Eine "heilsame Wirkung" könne auch von gegenseitigen Besuchen ausgehen, hob Glettler hervor. Oft brauche es den Blick und die Hilfe von außen und man sei aufeinander angewiesen. Dies hätten im Lauf der vergangenen Jahrzehnte zunächst der "wertvolle Dienst" Tausender Gastarbeiter in Österreich, im späteren Bosnienkrieg dann die Aufnahme vieler Flüchtlinge gezeigt. "Die Lebensgeschichten unzähliger bosnischer Familien sind hineinverwoben in unsere österreichische Bevölkerung", stellte der Bischof fest. Gott schicke Fremde als "Nachhilfe" - "um uns herauszufordern, unser Denken zu weiten und nicht selten auch, um unsere Herzenshaltung zu heilen".

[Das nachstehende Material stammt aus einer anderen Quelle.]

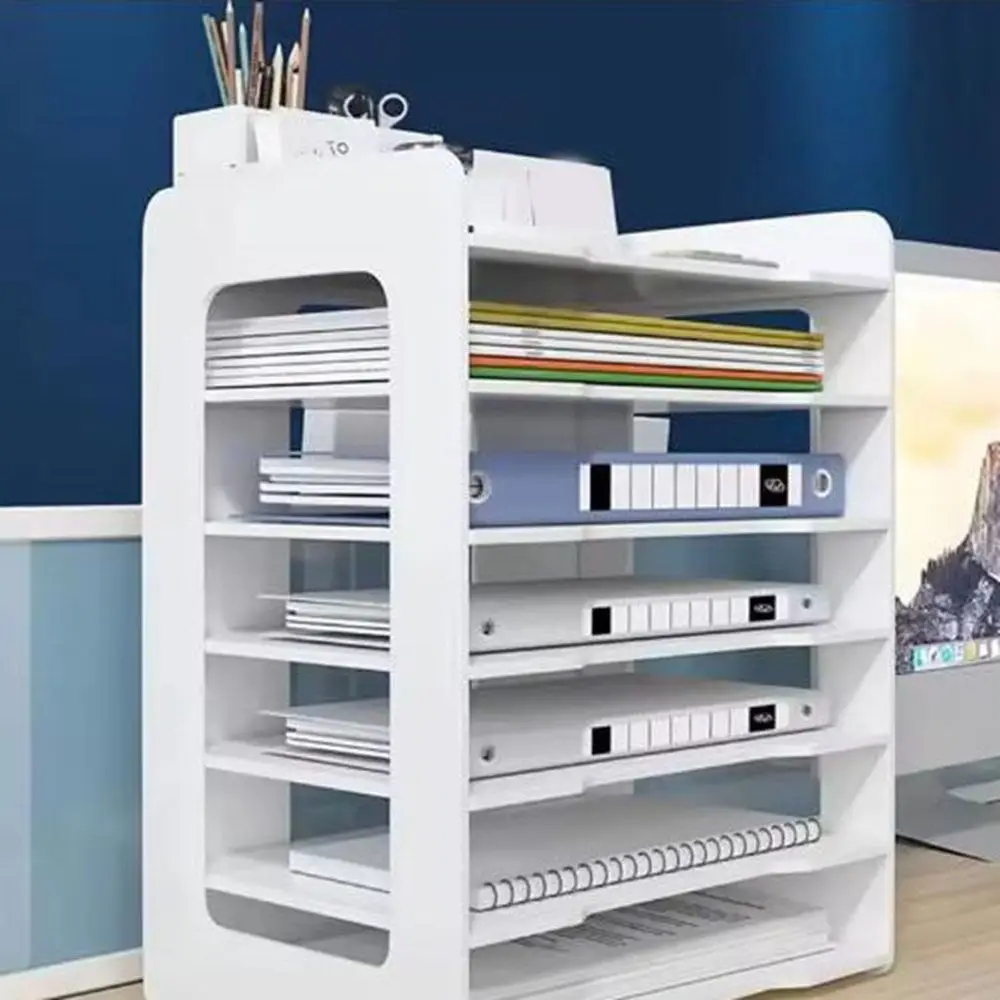 Practical PVC Multi-layer File Storage Rack Space Saving Easy Assembly File Holder Large Capacity Desk Top Shelf Office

Sorgen äußerte der Innsbrucker Bischof dahingehend, dass sich eine an den Wohlstand gewöhnte Gesellschaft allzu schnell gegen Flüchtlinge und Vertriebene abschließe.
"Wen also meinen wir, wenn wir als Österreicher, Bosnier, Europäer 'Wir' sagen? Es ist ein Gebot der Stunde und eine Voraussetzung für einen dauerhaften Frieden, dass wir den 'Raum der Zugehörigkeit' weiten."
Es sei Auftrag der Kirche, einer sich abzeichnenden Entsolidarisierung entschieden entgegen zu wirken, denn:
"Gott darf nicht in einer ethnischen oder nationalen Parteilichkeit missbraucht werden. Er ist der Schöpfer und Vater aller Menschen."